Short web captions
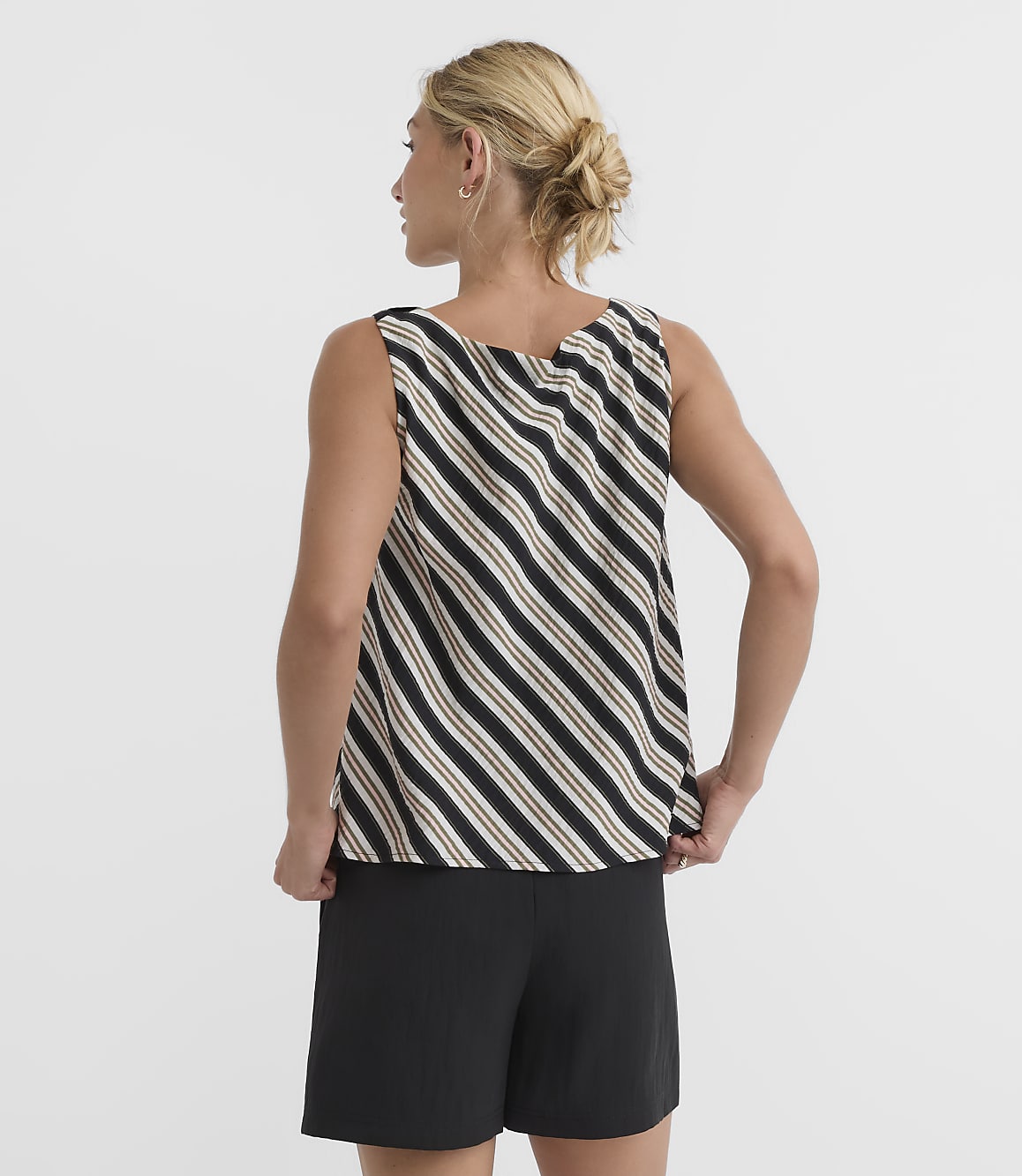A woman in a striped tank top and black shorts stands against a plain white background.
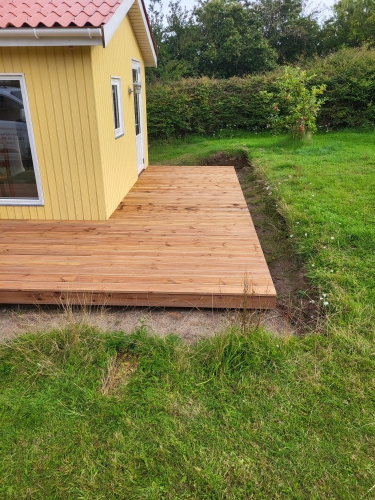 Hævet træterrasse med trappe og sort rækværk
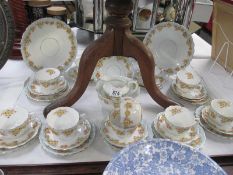 Approximately 32 pieces of teaware featuring yellow floral design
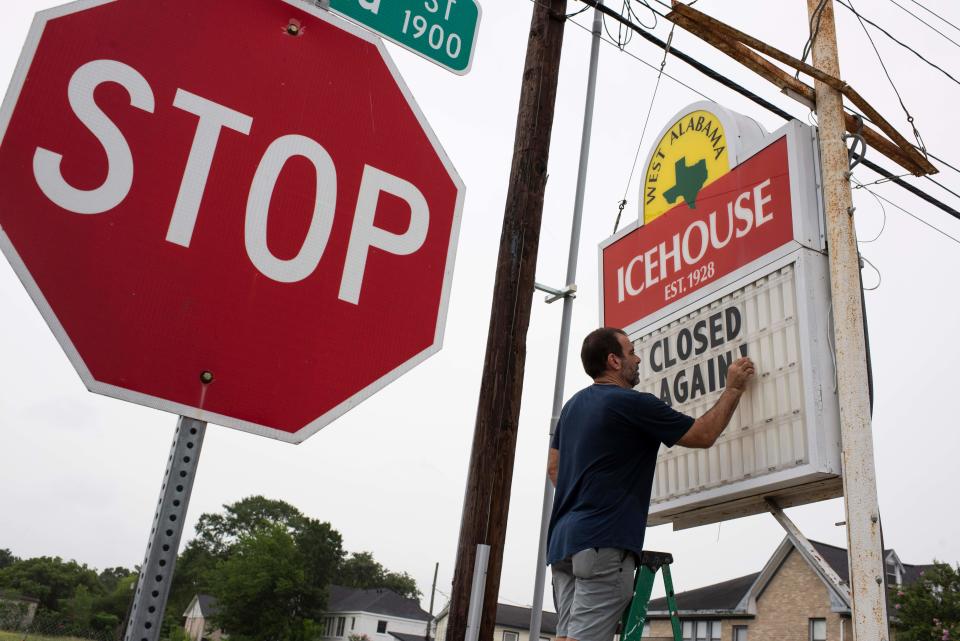 Bar owner Petros J Markantonis changes the marquee outside his bar to 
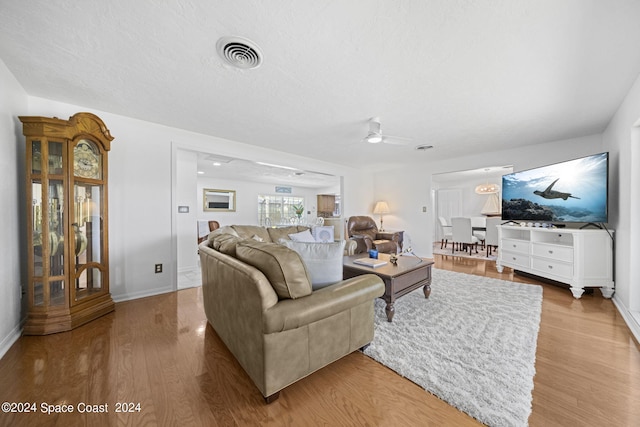 living room featuring ceiling fan and light wood-type flooring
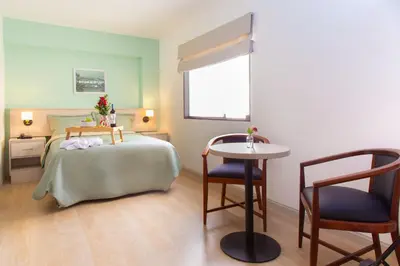a bedroom with a bed and a table and chairs at Hotel San Blas in Lima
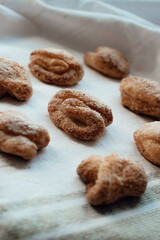 Bakery products. Homemade cookies with sugar on a towel background. Background image, copy space.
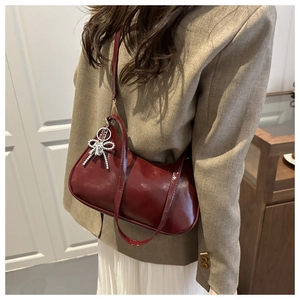 Vue détaillée du sac croissant en cuir ciré rouge foncé avec breloque nœud argenté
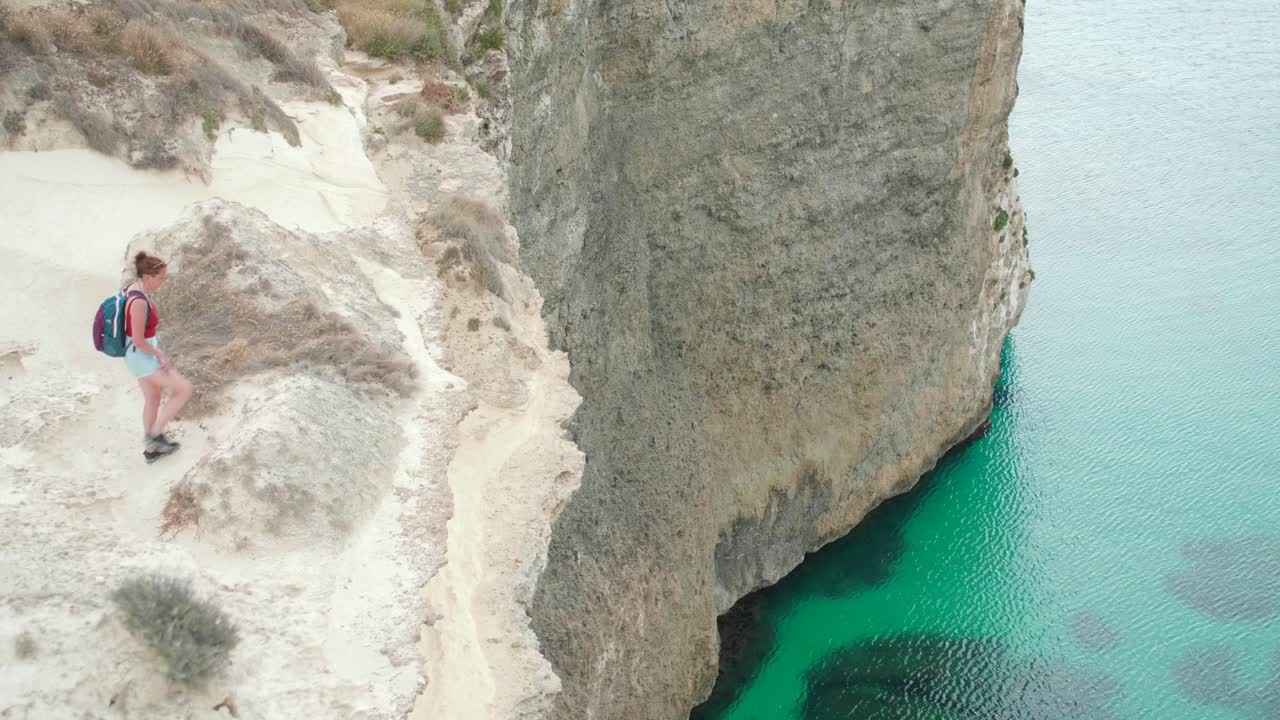 excursionista femenina en la cima de un acantilado sobre el mar mediterráneo, costa de malta, paisaje escénico en el día de verano, vista amplia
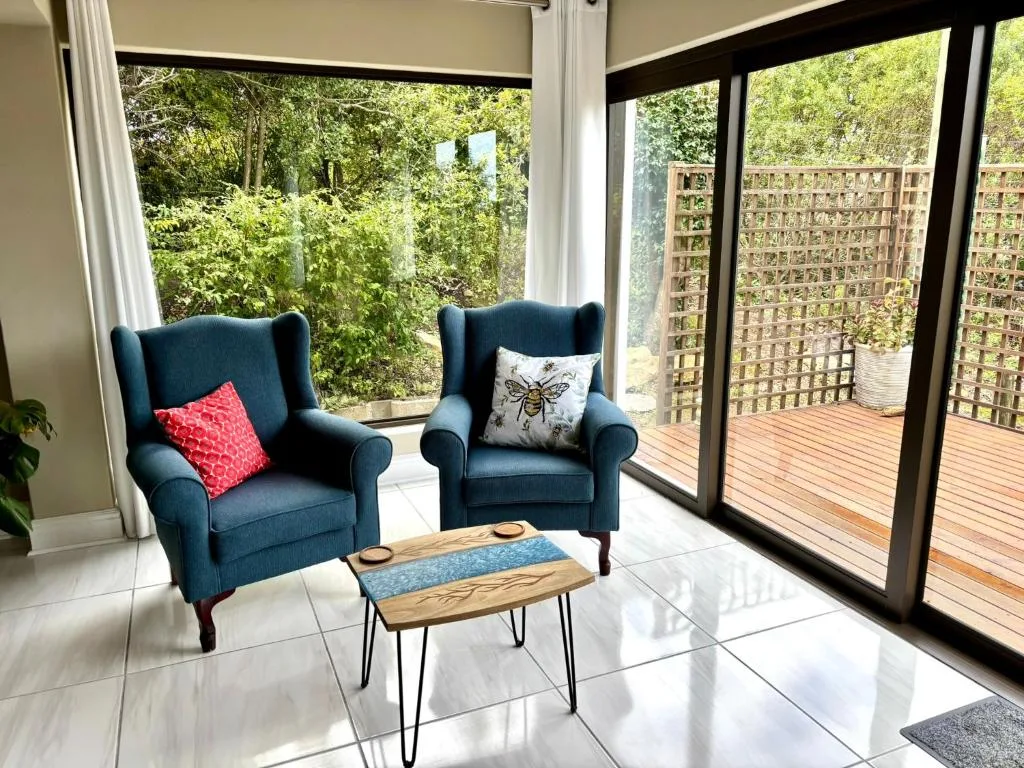 Bright lounge with blue armchairs, wooden coffee table, and garden views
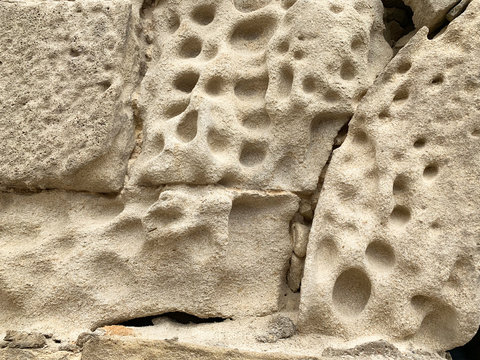 The porous structure of the stone from which the Palace of Shirvanshahs was built in the historic district of Icheri Sheher (Old town), 15th century. Azerbaijan, Baku city
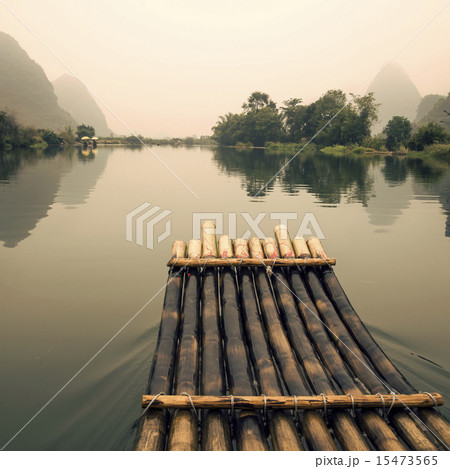 China Guilin Yangshuo bamboo rafting in the beautiful "Yulong River" 15473565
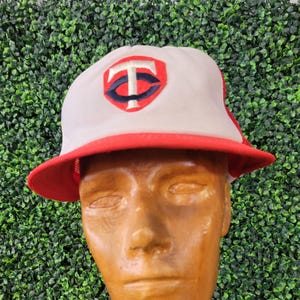 May include: A white and red baseball cap with a red brim and a logo featuring a stylized "TC" in red and navy blue. The cap is displayed on a wooden mannequin head against a backdrop of green foliage.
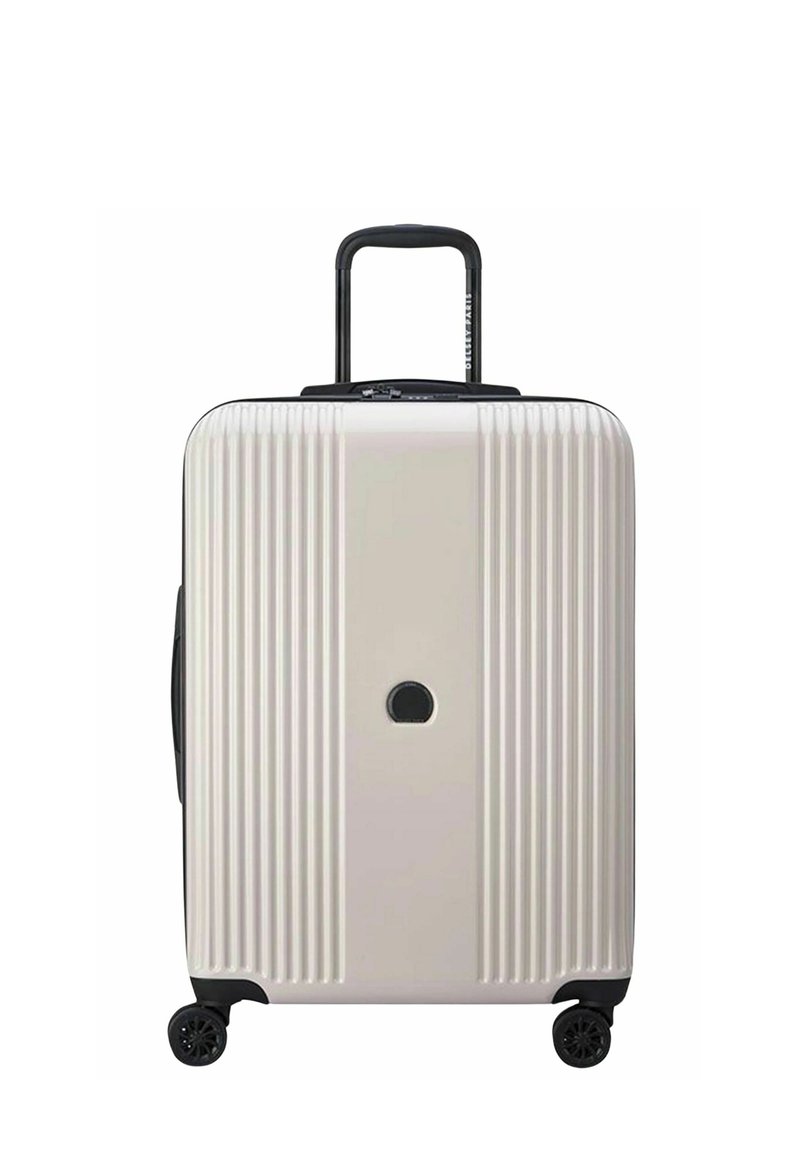 Valigia rigida di colore beige chiaro, con scanalature verticali, manico retrattile nero e quattro ruote nere. Inclusa una serratura circolare.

#### Problem requirements:
Leave the pictures aside and print exactly, and only, the lines from the one with "China Guilin Yangshuo" through the end of the data, both included.

#### Written solution:
 China Guilin Yangshuo bamboo rafting in the beautiful "Yulong River" 15473565
 May include: A white and red baseball cap with a red brim and a logo featuring a stylized "TC" in red and navy blue. The cap is displayed on a wooden mannequin head against a backdrop of green foliage.
 Valigia rigida di colore beige chiaro, con scanalature verticali, manico retrattile nero e quattro ruote nere. Inclusa una serratura circolare.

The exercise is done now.